[Opening Recorded data section]
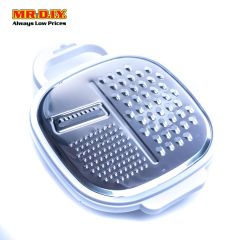 (MR.DIY) Square Stainless-Steel Grater with Plastic Container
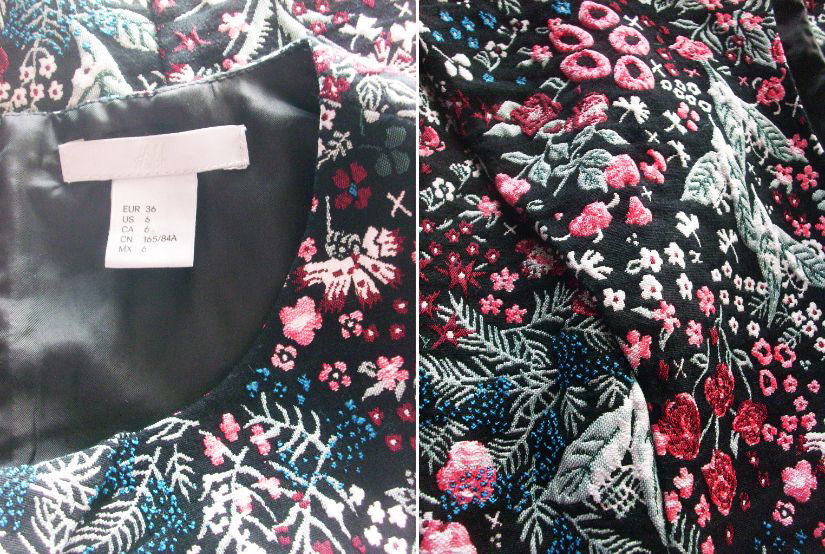 H&M ROCHIE BROCARD BUMBAC FLORAL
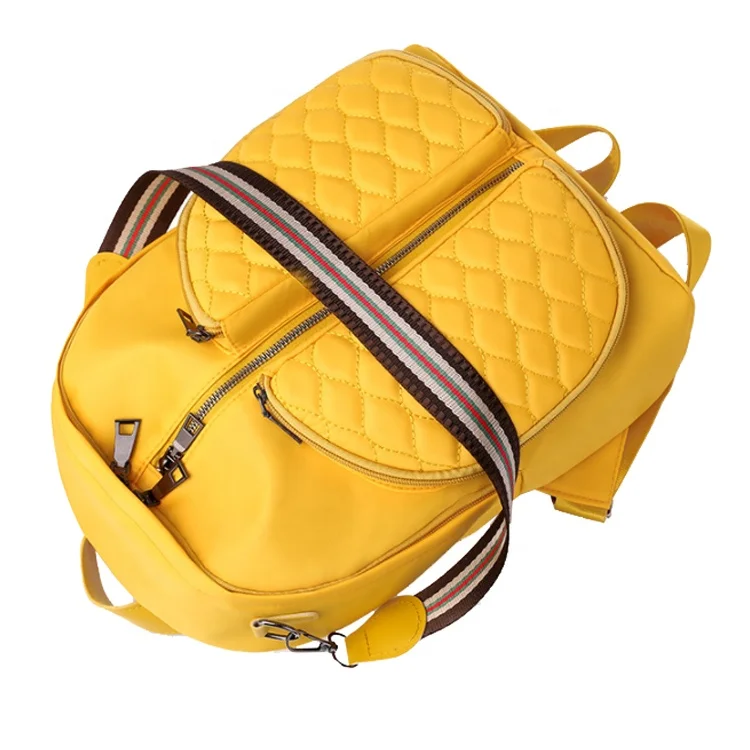 New Fashion Korean Version Versatile Large Capacity Diamond Embroidered Thread Oxford Travel Women Backpack Bag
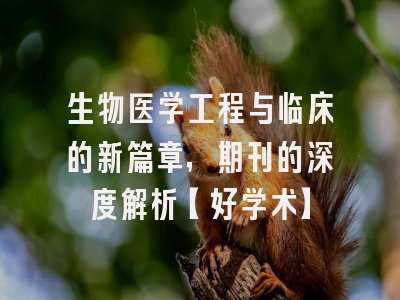 生物医学工程与临床的新篇章，期刊的深度解析【好学术】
[Closing Recorded data section]
** Exercise requirements **
Restate, exactly as they appear, the line with "H&M ROCHIE BROCARD BUMBAC FLORAL" and all the lines after it up to the end of the data above; images do not belong in the copy.

** Answer for this exercise **
 H&M ROCHIE BROCARD BUMBAC FLORAL
 New Fashion Korean Version Versatile Large Capacity Diamond Embroidered Thread Oxford Travel Women Backpack Bag
 生物医学工程与临床的新篇章，期刊的深度解析【好学术】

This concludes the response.